1月、ドナー45から提供されたHIV抗体の4年間に及ぶ2つの臨床試験の結果がようやく発表された。臨床試験には、ブラジルからボツワナ、スイスに至るまで、HIV感染リスクの高い4,600人以上が参加した。研究者らは、実験室での検査に基づき、特定のウイルス株がこの抗体に対してより感受性が高いことを知っており、結果はそれを裏付けているようだった。これらのウイルス株に感染した患者の数は、通常より75%も少なかったのだ。しかし、この抗体は特効薬ではなかった。全体として、この薬はHIV感染を著しく減らすわけではなかった。なぜなら、VRC01の力に感受性があるのは約3分の1に過ぎなかったからだ。それでも、この臨床試験は重要な概念実証であり、抗体薬がHIV感染を阻止できることを示した。マスコラ氏は、近年、さらに強力なHIV抗体が発見されており、すでに臨床試験に入っているものもいくつかあるとすぐに指摘する。 「これらの抗体の中には、VRC01よりも約10倍も強力なものがあり、より多くのHIVウイルスに対しても有効です」とマスコラ氏は言う。彼は依然として楽観的な見方を崩していない。

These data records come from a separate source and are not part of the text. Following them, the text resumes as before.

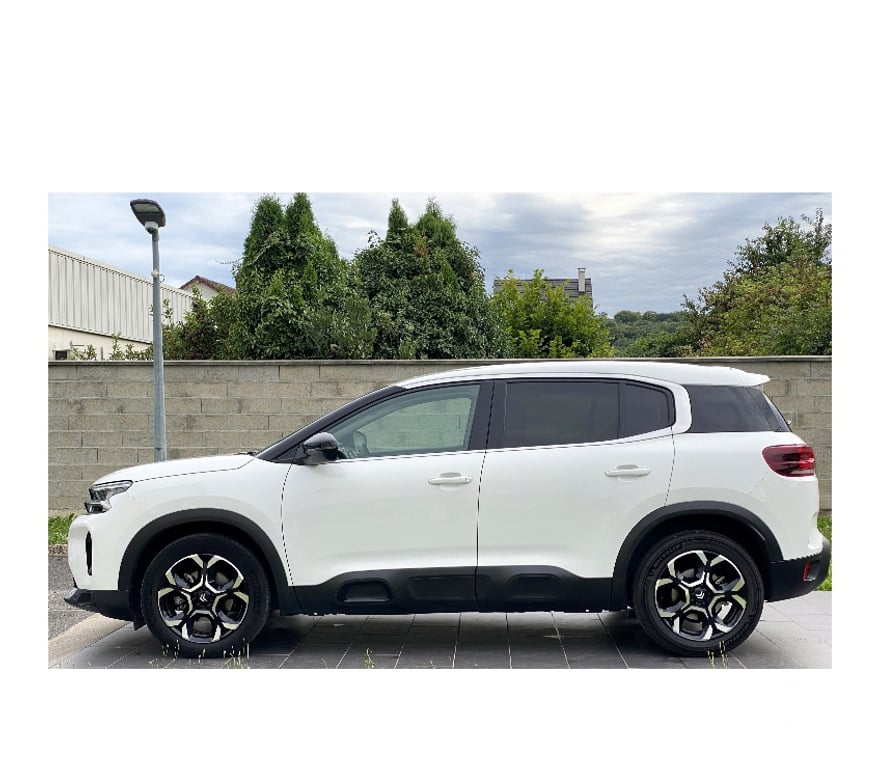 Voiture d'occasion Oise Nogent sur Oise - 60180 - Photos Vivastreet CITROEN C5 AIRCROSS FEEL PACK 130CH ESSENCE EAT8 AN 2023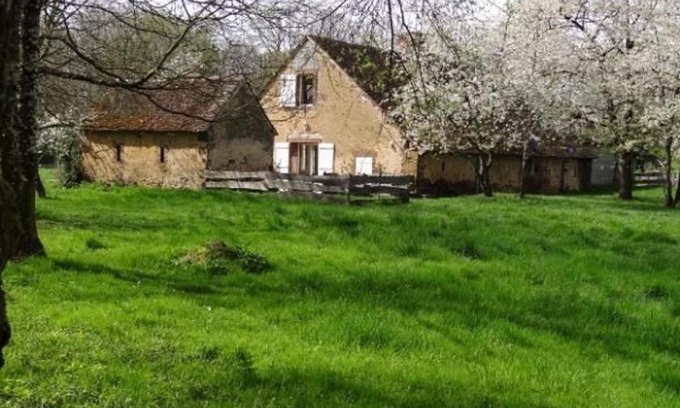 La Bazoge Maison | Ferme rénovée avec verger, 7 km du Mans, cheminée, 4 chambres, draps inclus, calme assuré - FR-1-410-251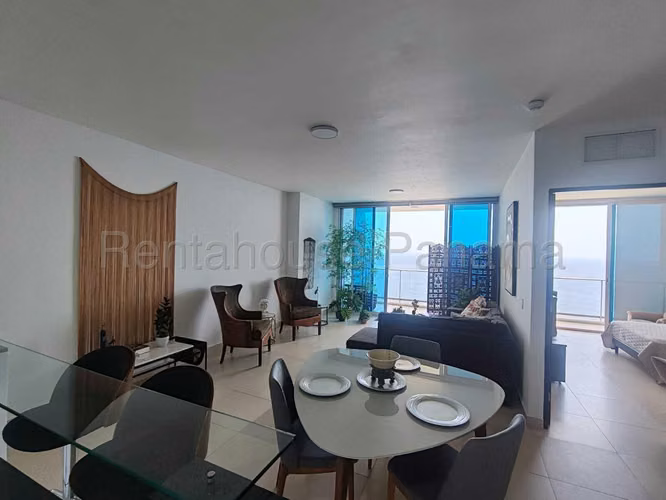 Se Vende Apartamento en Avenida Balboa LA27-753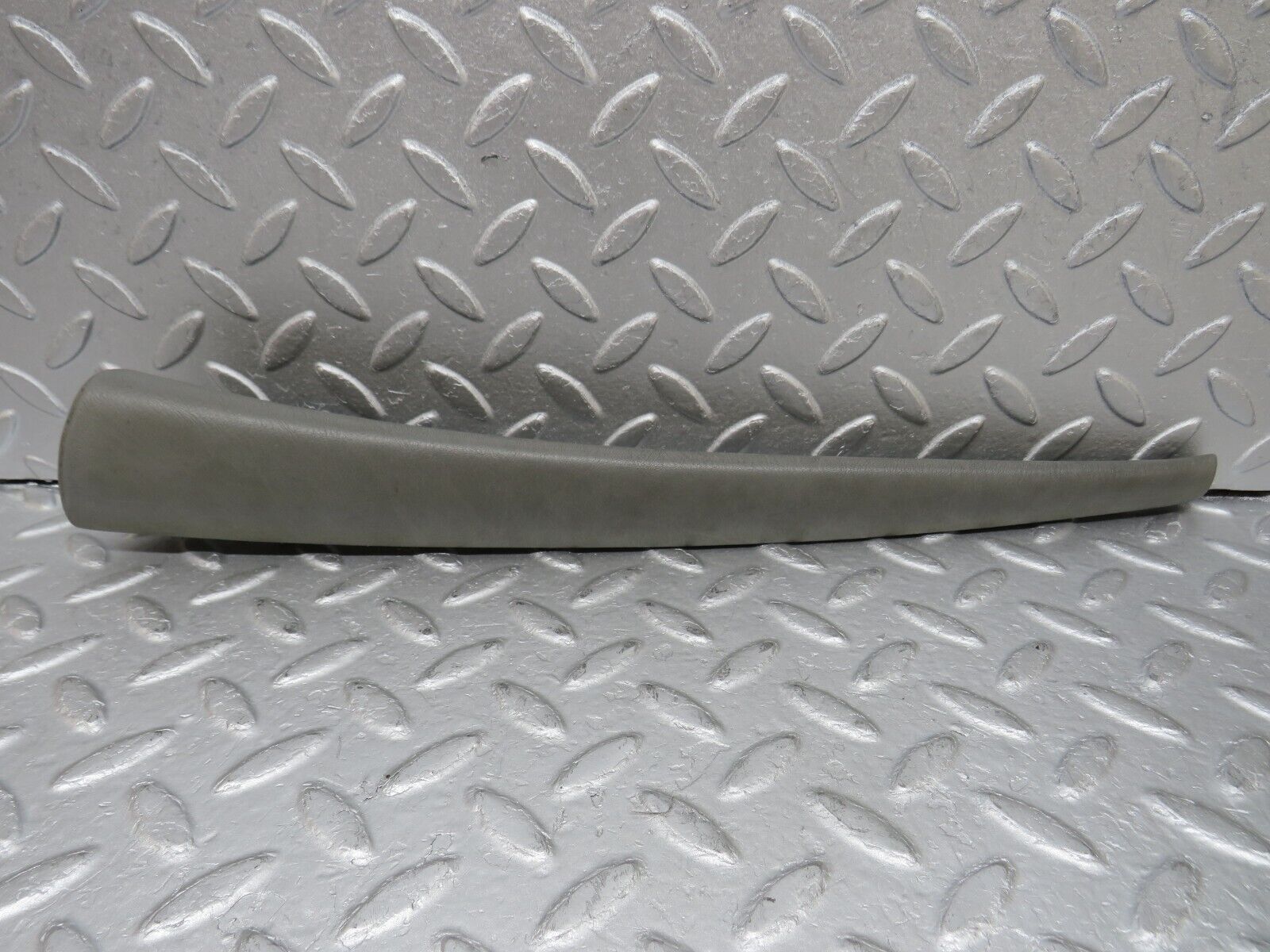 35972 Mercedes-Benz W126 420SE Front Left Door Panel Cover Grey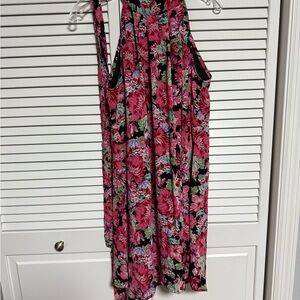 NWT Floral Sleeveless Dress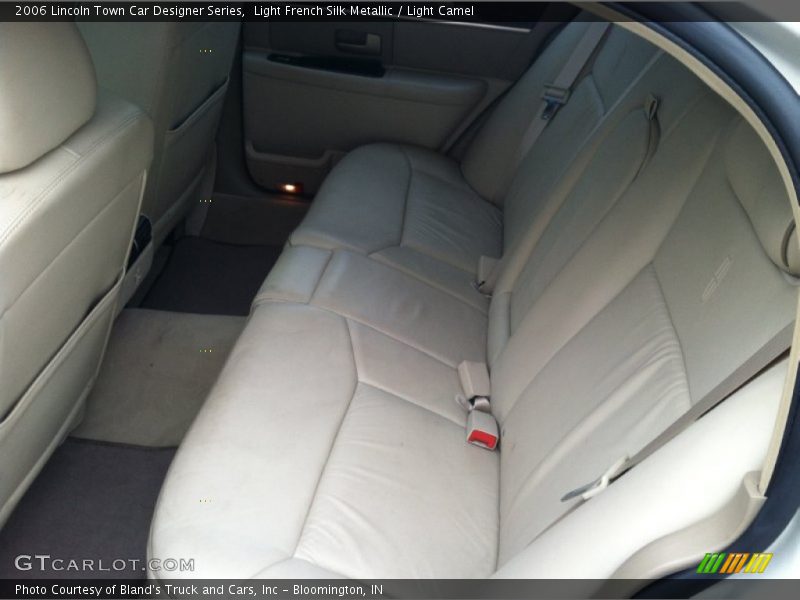 Light French Silk Metallic / Light Camel 2006 Lincoln Town Car Designer Series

では、なぜドナー45はHIVの最悪の攻撃をかわし、多くの人が亡くなる一方で何年も生き延びることができた抗体を持っていたのでしょうか?本当のところは誰にも分かりません。人間の免疫システムは不可解なほど複雑です。20年前に科学者がヒトゲノムの配列を解読した際、免疫システムの遺伝子の詳細は明らかにされませんでした。なぜなら、これらのDNAは非常に可変性が高く、細胞分裂中にランダムに再編成される傾向があるからです。
もちろん、この能力こそが私たちの免疫システムを驚異的なものにしているのです。スクリプス研究所の研究者デニス・バートン氏とその共同研究者たちの研究によると、人間は1,000,000,000,000,000,000種類の抗体を生成する能力を有しており、これは理論上、私たち全員が膨大な数の病原体を中和する能力を持っていることを意味します。免疫システムはランダム化装置であり、進化が不確実性に備えるための方法です。どのような恐ろしい新ウイルスが出現するかを正確に予測することはできませんが、いずれ出現することは分かっています。そして、ドナー45から得られた抗体のような、最も効果的な抗体を活用することで、人類にとっての解決策を見つけることができるかもしれません。
ドナー45号は2013年に亡くなりましたが、HIVに感染した人が薬を一切服用せずにどれだけ長く生きられるかという予想をはるかに超える活躍を見せました。彼と強力な抗体を作った他の「エリート中和剤」たちは、多くの友人や恋人を死なせた病気で、もちろん長く生き延びることができたのは幸運でした。しかし、生き延びた彼らは孤独で孤立した状態に置かれました。ドリア=ローズは、こうした面会のためにオフィスにティッシュの箱を置いていました。「ドナー45号と一緒に泣いたことがあります」と彼女は言い、孤独が彼にどれほど重くのしかかっていたか、そして他の人々が生き延びられなかった中で彼が生き延びたという重荷がどれだけ重くのしかかっていたかを思い出します。
ワクチン研究センターの科学者たちがVRC01を分離したとき、ドナー45号に、彼の血液には他の人々を助ける可能性のある強力な分子が含まれていることを伝えるのがドリア=ローズの仕事でした。彼女は研究結果を詳述した科学報告書のコピーを印刷し、彼が次にクリニックを訪れた際に見せました。彼はずっと彼女に、他の人々が恩恵を受けられるように研究に協力したいという希望を表明していました。ドナー45号は今月の試験結果を見ることなく亡くなりましたが、その日、彼は理解したようでした。「彼は、私たちが探し求めていたものを見つけたことを理解したのです」と彼女は言います。今回は、彼らは泣きませんでした。